Como o tema do envelhecimento me fisgou

Depois da experiência pessoal de cuidar, por mais de 20 anos, de familiares que entraram na velhice em meio ao meu completo desconhecimento sobre o assunto e consequente despreparo para apoiá-los, entender a velhice deixou de ser uma opção e passou a ser uma premência. No exercício desta atividade, a convivência diária com toda sorte de situações do cotidiano de um idoso de quem cuidamos e a quem nos ­ – quarentona espremida entre filhas adolescentes, saúde comprometida e vida profissional conturbada – já estavam envolvidos no tema e podiam trocar alguma vivência comigo. Não havia como conversar, compartilhar dúvidas, dividir esforços e ideias.
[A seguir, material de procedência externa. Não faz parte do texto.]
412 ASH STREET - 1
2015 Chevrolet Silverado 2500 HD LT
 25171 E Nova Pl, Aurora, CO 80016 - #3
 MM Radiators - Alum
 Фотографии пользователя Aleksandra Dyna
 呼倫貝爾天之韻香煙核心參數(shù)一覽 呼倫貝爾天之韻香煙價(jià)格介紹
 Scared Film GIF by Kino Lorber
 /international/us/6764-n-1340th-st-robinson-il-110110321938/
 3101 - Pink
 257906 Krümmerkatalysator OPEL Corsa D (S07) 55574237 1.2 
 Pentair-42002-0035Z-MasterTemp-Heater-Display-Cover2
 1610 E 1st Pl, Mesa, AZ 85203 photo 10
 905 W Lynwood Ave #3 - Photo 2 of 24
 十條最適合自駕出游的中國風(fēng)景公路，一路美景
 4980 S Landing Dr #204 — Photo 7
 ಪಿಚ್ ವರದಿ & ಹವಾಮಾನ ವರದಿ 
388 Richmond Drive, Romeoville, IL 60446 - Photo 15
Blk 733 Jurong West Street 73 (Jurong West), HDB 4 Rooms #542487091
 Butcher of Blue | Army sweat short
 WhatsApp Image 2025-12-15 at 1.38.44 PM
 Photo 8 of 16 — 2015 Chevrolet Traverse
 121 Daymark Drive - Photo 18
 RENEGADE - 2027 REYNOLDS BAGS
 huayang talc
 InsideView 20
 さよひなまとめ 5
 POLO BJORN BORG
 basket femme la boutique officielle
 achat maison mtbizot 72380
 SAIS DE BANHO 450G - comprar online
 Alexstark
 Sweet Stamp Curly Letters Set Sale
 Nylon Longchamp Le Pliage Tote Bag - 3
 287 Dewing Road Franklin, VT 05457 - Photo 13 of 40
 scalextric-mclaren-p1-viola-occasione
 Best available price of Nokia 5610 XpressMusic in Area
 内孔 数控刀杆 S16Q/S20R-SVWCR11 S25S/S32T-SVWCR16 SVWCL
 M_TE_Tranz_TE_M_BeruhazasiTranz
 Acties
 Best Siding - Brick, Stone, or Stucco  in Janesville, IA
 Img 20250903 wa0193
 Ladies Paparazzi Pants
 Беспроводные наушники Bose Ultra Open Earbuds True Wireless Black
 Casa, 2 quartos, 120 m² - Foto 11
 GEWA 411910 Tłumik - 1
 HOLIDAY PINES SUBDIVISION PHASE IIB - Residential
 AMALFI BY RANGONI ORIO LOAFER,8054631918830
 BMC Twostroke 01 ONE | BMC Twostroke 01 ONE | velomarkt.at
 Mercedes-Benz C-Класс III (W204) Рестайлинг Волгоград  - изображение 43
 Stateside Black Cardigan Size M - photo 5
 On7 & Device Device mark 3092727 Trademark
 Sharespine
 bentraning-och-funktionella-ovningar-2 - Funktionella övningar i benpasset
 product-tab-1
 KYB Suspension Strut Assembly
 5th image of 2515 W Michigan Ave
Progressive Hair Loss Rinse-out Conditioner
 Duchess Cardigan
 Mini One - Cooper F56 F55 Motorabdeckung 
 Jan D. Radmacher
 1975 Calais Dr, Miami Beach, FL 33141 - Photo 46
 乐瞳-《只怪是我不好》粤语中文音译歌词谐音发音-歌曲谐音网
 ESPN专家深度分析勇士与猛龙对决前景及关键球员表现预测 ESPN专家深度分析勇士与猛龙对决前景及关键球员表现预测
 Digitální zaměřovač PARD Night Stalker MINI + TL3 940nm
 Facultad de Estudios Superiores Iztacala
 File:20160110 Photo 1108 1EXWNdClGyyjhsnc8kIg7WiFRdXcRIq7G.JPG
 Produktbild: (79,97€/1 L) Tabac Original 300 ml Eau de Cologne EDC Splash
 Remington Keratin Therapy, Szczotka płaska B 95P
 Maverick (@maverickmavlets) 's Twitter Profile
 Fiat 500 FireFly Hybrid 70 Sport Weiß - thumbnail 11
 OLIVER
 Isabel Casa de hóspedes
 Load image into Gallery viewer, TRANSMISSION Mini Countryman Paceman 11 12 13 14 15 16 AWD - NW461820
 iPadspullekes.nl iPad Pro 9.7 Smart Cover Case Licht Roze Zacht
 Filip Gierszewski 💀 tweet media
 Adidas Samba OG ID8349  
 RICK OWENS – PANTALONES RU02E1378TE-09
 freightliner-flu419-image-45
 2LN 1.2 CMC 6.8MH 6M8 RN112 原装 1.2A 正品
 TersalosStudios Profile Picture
Parecia que somente eu tinha este tipo de problema para resolver. Não havia livros, programas de televisão, sites, associações, nada que me suprisse de conselhos e orientações. Ou será que o peso da nova tarefa era tal que não me deixava ver o que havia em volta? Desconfio que não, que não havia mesmo uma maneira simples de buscar e encontrar apoio. Só nestes recentes últimos anos, a velhice entrou na pauta dos meios de comunicação. Antes disto, achar a turma que estava imersa no mundo do cuidado com o idoso era bem difícil. Reunir estas informações era tão trabalhoso que o autodidatismo pareceu ser a única saída para mim.
Fui, aos poucos, desenvolvendo métodos e soluções caseiras para realizar este cuidado a distância. Aprendi a montar uma rede de apoio e a me valer da tecnologia para monitorar o dia a dia dos meus idosos. Sem a internet, teria sido inviável a administração remota de uma casa onde viviam pessoas sem autonomia para cuidar de si mesmas. Errei muito mas também realizei muita coisa interessante e aprendi aos montes.

No ano que passou (2015), achei que seria bom poder falar sobre a velhice que eu conheço para uma plateia mais ampla e divulgar a experiência que adquiri. Reuni amigas e fizemos um blog, o Mundo Prateado (mundoprateado.com), cujo nome homenageia as pessoas de cabelos grisalhos, aparentes ou disfarçados, que estão nesta nova fase da vida. Lá conversamos sobre a velhice desde um ponto de vista realista, sem romantismo mas com uma atitude positiva. Lá defendemos que a velhice pertence a todos nós, aos velhos e a seus filhos ou amigos. Lá pensamos a rede que deve apoiar a velhice, pensamos na vida dos velhos e em quem se interessa por querer ajudar a construir um mundo digno para os prateados. Lá experimentamos fazer coisas que auxiliem esta rede de cuidados.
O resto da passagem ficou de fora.